Décontenancé par deux aspects principaux : la structure du récit. Le roman respecte peu la chronologie, ne gardant comme fil directeur que les péripéties dont les aïeux de Mo Yan ont été les acteurs. Certains grands chapitres reviennent sur des épisodes en les développant ou en les évoquant brièvement ce qui demande un petit jeu au lecteur pour se remémorer ce qui est antérieur à quoi.

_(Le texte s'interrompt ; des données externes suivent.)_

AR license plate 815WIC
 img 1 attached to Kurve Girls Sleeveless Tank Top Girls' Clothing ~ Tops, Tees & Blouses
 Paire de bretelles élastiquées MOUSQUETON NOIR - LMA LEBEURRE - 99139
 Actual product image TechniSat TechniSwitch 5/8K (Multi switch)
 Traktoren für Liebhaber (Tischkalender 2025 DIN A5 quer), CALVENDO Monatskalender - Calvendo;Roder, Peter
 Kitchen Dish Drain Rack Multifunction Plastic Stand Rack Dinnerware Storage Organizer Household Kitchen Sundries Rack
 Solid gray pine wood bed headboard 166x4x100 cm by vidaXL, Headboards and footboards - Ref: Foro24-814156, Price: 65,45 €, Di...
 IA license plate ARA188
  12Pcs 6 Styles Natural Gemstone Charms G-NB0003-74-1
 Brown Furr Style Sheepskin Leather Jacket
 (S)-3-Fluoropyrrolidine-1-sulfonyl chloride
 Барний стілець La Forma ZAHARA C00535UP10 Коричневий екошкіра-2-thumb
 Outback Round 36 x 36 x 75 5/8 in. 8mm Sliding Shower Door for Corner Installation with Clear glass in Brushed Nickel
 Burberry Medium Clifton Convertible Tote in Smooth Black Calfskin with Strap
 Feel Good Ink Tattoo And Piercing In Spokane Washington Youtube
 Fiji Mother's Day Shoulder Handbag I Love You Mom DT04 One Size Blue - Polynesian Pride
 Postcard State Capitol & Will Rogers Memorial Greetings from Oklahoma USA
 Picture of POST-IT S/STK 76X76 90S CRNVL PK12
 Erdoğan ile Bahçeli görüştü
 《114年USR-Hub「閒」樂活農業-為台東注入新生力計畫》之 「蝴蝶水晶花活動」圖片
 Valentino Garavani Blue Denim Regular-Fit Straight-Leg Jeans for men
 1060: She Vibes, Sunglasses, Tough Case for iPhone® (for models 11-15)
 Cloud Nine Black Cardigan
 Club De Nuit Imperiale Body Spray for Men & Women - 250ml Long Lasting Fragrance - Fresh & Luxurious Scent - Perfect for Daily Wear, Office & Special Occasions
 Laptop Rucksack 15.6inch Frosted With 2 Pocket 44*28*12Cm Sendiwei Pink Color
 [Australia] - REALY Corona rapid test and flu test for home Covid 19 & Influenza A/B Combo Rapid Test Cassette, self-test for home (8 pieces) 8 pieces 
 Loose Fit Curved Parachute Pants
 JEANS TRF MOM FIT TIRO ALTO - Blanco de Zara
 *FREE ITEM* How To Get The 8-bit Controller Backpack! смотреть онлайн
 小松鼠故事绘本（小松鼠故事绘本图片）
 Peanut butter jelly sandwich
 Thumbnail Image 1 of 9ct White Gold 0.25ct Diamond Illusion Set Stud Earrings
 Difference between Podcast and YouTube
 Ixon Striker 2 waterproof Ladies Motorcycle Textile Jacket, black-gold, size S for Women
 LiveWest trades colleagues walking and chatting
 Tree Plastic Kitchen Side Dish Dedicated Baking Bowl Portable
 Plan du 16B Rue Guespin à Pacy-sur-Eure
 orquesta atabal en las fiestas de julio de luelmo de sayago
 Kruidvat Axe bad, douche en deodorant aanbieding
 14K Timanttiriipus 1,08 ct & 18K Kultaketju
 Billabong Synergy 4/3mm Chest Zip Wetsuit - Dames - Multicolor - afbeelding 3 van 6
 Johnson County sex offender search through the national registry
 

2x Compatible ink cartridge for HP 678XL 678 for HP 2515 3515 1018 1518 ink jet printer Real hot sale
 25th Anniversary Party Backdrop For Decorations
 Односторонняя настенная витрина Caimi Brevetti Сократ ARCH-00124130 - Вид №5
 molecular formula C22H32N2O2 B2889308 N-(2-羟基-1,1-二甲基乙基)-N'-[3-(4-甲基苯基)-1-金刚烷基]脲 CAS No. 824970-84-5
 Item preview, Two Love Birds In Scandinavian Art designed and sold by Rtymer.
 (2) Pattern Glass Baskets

On peut trouver deux explications à cette structure. Le roman comprend plusieurs chapitres principaux bien identifiés qui ont été publiés pour la première fois dans divers magazines en 1986. Ces publications en série ont précédé la publication du roman complet en 1987 et on peut se dire que Mo Yan s'est satisfait de cette juxtaposition de "nouvelles", chacune ayant un thème principal. Néanmoins, au sein de chaque nouvelle, la chronologie ne se porte guère mieux, aussi pourrait-on penser qu'elle correspond à une volonté réelle de l'écrivain. A posteriori, je dois avouer que cette désorientation temporelle n'est pas sans charme évoquant une structure plus musicale qu'historique, comme le retour de vagues sur un rivage.

Deuxième raison d'étonnement, la cruauté des épreuves qu'il nous décrit. Disons-le : ce qui serait glauque chez tout écrivain ayant moins de talent est ici magnifié par des métaphores aux moments les plus inattendus de l'action. Mo Yan possède l'art de suivre le cours de ses péripéties en s'attardant sur des détails inattendus, en faisant des analogies inopinées ce qui crée une distance avec ce qui est montré et semble dire : cette bêtise, cette passion, ce courage, cette folle haine, ce sont aussi les couleurs de la vie.

Autant dire qu'un tel panthéisme pourra faire hérisser les poils sur le dos des lecteurs ne pouvant se passer d'un sens de l'Histoire, d'une séparation nette entre le camp du bien et du mal ou persuadés qu'une morale minimale universelle devrait s'imposer à tout et à tous. A y réfléchir, j'y trouve au contraire une grande sagesse.

En conclusion, le Clan du sorgho rouge est un roman à la fois fort et d'une grande beauté que je recommande à tout lecteur voulant découvrir Mo Yan ou certains aspects de la terrible guerre sino-japonaise des années 1937-1941.